The final image is seen above, the full article it accompanies can be read here, and the (extensive) process work behind creating the image can be found below.
Initially, I doodled a quick sketch in Alias Sketchbook Pro. I like the program's simple tools. They force me to not spend a ton of time on this step, which is good. As you'll see, the image changes a lot from this color rough as we go on.
After figuring out the colors, or so I thought, I started inking the piece. I knew that the bank robber in the tale needed to look smug and satisfied. He thinks he got away with his heist. I planned on putting a helicopter in the side window, but time would later dictate otherwise.
Herein lies the point of derailment. I had just reinstalled Painter 6.1. Yes, you read that right, Metacreation's Painter 6. Not Corel's subsequent releases. What can I say? I'm a purist! I wanted to try and lay some painterly colors under the inks as a sort of cathartic experimentation. No one wants to stagnate, right? Trying new things is integral to getting better.
Note the pathetic, laughable, placeholder helicopter!
I wasn't feeling the color scheme any longer, so I jumped into a total repaint under the inks. Since this method isn't my typical one, I was really feeling around blindly and hoping for something to just click.
While not bad, my lack of experience with this style ultimately slowed me down.
As I should've done from the start, I opted for my normal style. Things immediately started to feel right with the piece.

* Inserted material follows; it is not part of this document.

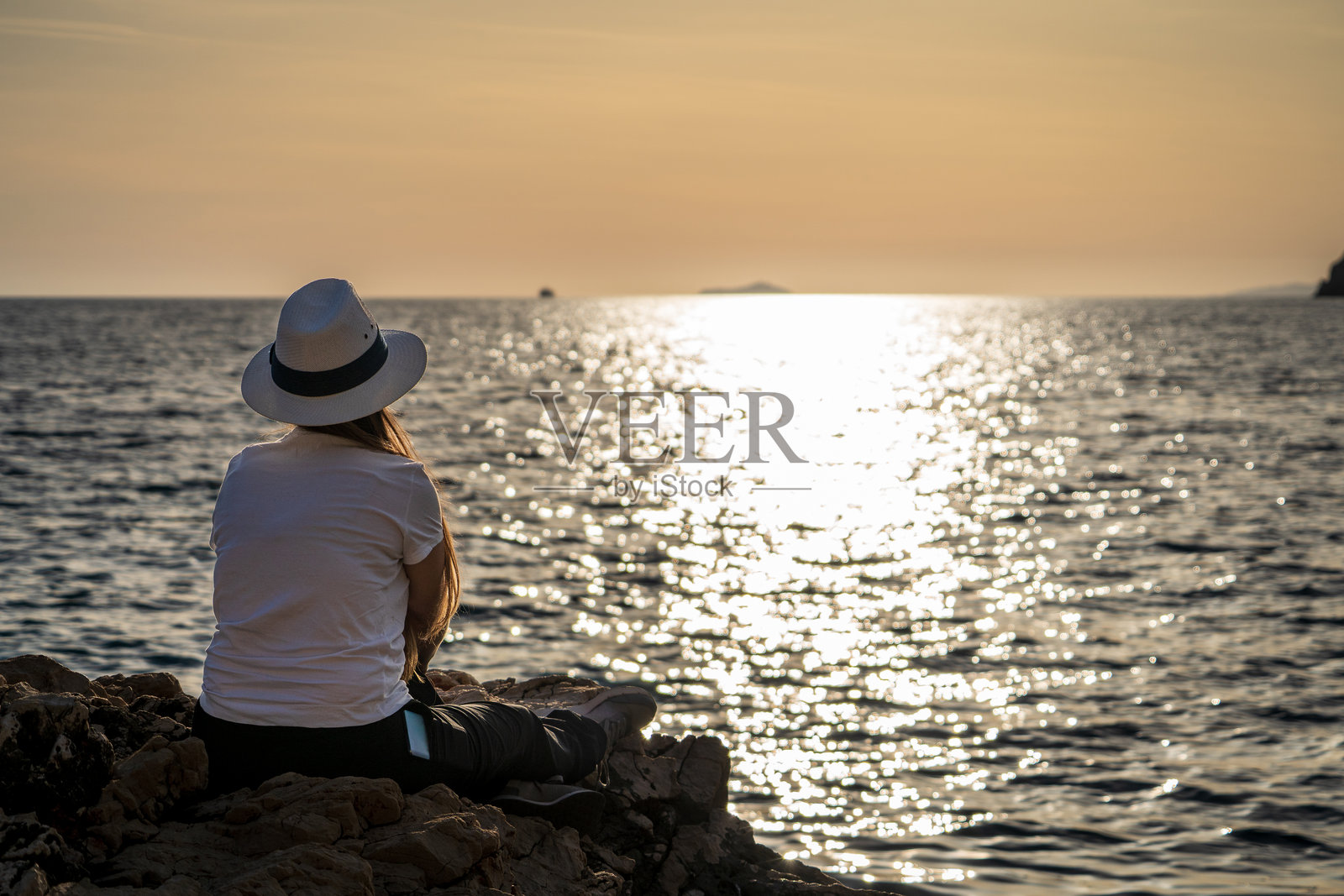 游客坐在亚得里亚海岸边欣赏日落照片摄影图片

Some further tweaking with the colors, and I was pretty confident I could wrap it up quickly (which was necessary - I had wasted much of my own time with the painterly experimentation).
Ultimately, I opted for a strong red and blue lightsource to indicate the presence of the police and, while not as fun or engaging as a helicopter, it suffices. Lesson learned: experiment on work that doesn't have a deadline!
One last thing; I haven't had much of a chance to post lately, but I have been reading. You guys are really blowing shit outta the water. Yay for y'all!